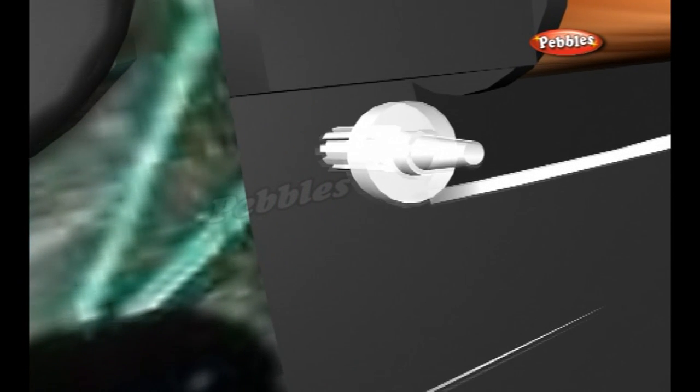Inside a quartz clock or watch, the battery sends electricity to the quartz crystal through an electronic circuit.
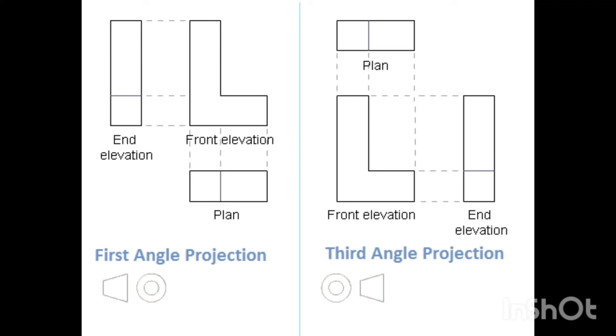And for the plan, the plan was drawn below the front elevation, but we know that the plan is our view from above. So in order to get the view of the plan, we looked at the front elevation from above and whatever we saw, we drew it below. Now third angle projection is simply the opposite of it.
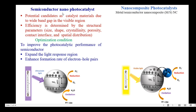The next type is semiconductor nanoparticles. Semiconductor nanoparticles are potential candidates as catalyst materials due to their wider band gap in the visible region. The catalytic efficiency of semiconductor photocatalysts is determined by various structural parameters such as size, shape, crystallinity, porosity, contact surface and spatial distribution. The optimization conditions to improve photocatalytic performance are to expand the light response region and to enhance the formation rate of electron-hole pairs. For example, TiO2 photocatalyst has a band gap energy of 3.2 eV, so it requires high energy ultraviolet radiation to produce electron-hole pairs.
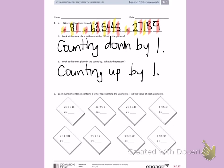Part Two. Each number sentence contains a letter representing the unknown. Find the value of each unknown. Before I do that, I'm going to mark: this is one nine, two nines, three nines, four nines, five nines, six nines, seven nines, eight nines, nine nines, and ten nines. So: 1×9=9, 2×9=18, 3×9=27, 4×9=36, 5×9=45, 6×9=54, 7×9=63, 8×9=72, 9×9=81, 10×9=90. I can use those numbers to help me.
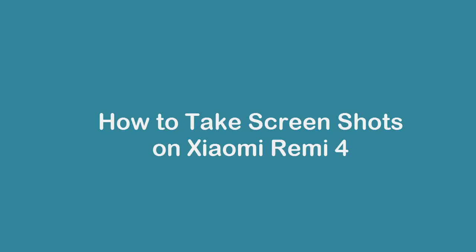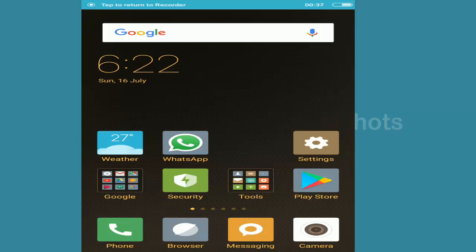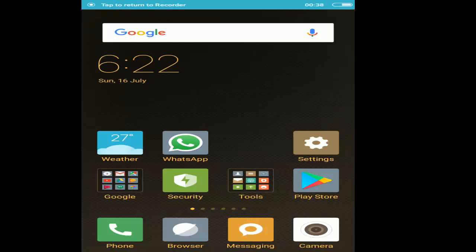How is it going everyone, this is Tashreev Sharif and today I will show you how to capture screenshot on your Xiaomi phone. For this video I will be using a Xiaomi Redmi 4 device, so let's get started.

**Work to be completed**: Working from the listing above, retype it exactly but include no images.

**Response**:
Inside a quartz clock or watch, the battery sends electricity to the quartz crystal through an electronic circuit.
And for the plan, the plan was drawn below the front elevation, but we know that the plan is our view from above. So in order to get the view of the plan, we looked at the front elevation from above and whatever we saw, we drew it below. Now third angle projection is simply the opposite of it.
The next type is semiconductor nanoparticles. Semiconductor nanoparticles are potential candidates as catalyst materials due to their wider band gap in the visible region. The catalytic efficiency of semiconductor photocatalysts is determined by various structural parameters such as size, shape, crystallinity, porosity, contact surface and spatial distribution. The optimization conditions to improve photocatalytic performance are to expand the light response region and to enhance the formation rate of electron-hole pairs. For example, TiO2 photocatalyst has a band gap energy of 3.2 eV, so it requires high energy ultraviolet radiation to produce electron-hole pairs.
Part Two. Each number sentence contains a letter representing the unknown. Find the value of each unknown. Before I do that, I'm going to mark: this is one nine, two nines, three nines, four nines, five nines, six nines, seven nines, eight nines, nine nines, and ten nines. So: 1×9=9, 2×9=18, 3×9=27, 4×9=36, 5×9=45, 6×9=54, 7×9=63, 8×9=72, 9×9=81, 10×9=90. I can use those numbers to help me.
How is it going everyone, this is Tashreev Sharif and today I will show you how to capture screenshot on your Xiaomi phone. For this video I will be using a Xiaomi Redmi 4 device, so let's get started.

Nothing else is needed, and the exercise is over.